Red giants are the swollen fate that awaits stars such as our own sun as they begin to exhaust their primary source of fuel, the hydrogen near their cores. The byproduct of the nuclear fusion that powers the sun — helium — accumulates over time, forcing hydrogen into a shell around the core that burns more vigorously than before.
About 5 billion years from now, this will force our sun to swell to more than 100 times its current size, turning it into a red giant.
After red giants age, they should, in principle, start burning the helium in their cores as well. However, although theoretical calculations predicted that this profound transformation should occur, scientists had never actually witnessed it, since the change would be largely invisible from the outside.
Now, by analyzing "starquakes," researchers have uncovered secret differences lurking in the hearts of these red giants.
"In the same way that geologists use earthquakes to explore Earth's interior, we use starquakes to explore the internal structure of stars," said researcher Timothy Bedding, an astronomer at the University of Sydney in Australia.
Stars are turbulent, experiencing violent starquakes that generate sound waves, which zip through the stars and back to their surfaces. The way these sound waves interact with other waves fluctuating on a star can alter its brightness regularly, changes that scientists can observe and which are sensitive to the structure of the cores of the stars — an emerging scientific field known as astroseismology.
Using the Kepler spacecraft, researchers observed about 400 red giants over the course of nearly a year.

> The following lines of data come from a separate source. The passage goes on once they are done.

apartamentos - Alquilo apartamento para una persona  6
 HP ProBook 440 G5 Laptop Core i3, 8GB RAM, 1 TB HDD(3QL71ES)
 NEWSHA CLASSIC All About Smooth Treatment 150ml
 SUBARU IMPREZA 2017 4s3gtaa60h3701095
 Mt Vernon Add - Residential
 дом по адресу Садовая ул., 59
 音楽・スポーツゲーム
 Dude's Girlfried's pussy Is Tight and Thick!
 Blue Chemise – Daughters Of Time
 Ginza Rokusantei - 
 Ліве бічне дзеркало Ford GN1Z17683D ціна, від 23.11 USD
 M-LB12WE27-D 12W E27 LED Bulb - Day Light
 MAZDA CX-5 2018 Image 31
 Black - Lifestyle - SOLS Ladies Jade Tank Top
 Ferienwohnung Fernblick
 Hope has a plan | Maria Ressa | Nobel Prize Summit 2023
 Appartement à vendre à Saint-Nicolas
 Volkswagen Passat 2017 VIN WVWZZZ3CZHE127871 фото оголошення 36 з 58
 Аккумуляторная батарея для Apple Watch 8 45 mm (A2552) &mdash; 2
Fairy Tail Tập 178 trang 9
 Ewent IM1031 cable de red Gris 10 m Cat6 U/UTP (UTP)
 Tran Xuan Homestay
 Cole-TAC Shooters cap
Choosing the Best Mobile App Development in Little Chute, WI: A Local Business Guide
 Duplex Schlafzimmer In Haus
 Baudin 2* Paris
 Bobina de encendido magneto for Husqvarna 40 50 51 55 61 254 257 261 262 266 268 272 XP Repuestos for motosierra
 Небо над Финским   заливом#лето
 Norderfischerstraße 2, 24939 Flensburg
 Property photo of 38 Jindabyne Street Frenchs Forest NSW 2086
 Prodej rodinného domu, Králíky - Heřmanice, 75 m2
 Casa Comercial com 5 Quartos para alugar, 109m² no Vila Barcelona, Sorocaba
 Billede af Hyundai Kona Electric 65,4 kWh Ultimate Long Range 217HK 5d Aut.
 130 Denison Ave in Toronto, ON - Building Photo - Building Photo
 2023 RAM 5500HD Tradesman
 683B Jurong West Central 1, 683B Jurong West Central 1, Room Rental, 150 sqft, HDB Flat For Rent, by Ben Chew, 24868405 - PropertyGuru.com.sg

They discovered that hydrogen-burning stars demonstrated a range of sequences of a kind of gravity-linked vibration that differed from each other in the time they took to complete by up to 50 seconds, while helium-burning ones showed differences of about 100 to 300 seconds.
The cores of these latter stars are much hotter and less dense, Bedding explained, meaning that sound travels more slowly through them.
"We were hoping to see a difference in their oscillation properties, but I did not expect it to be so clear-cut," Bedding told Space.com.
Now the researchers will scan red giants en masse to see what stages of evolution they have reached, "trying to work out details of the history of the Milky Way," Bedding said.
The scientists detailed their findings in the March 31 issue of the journal Nature.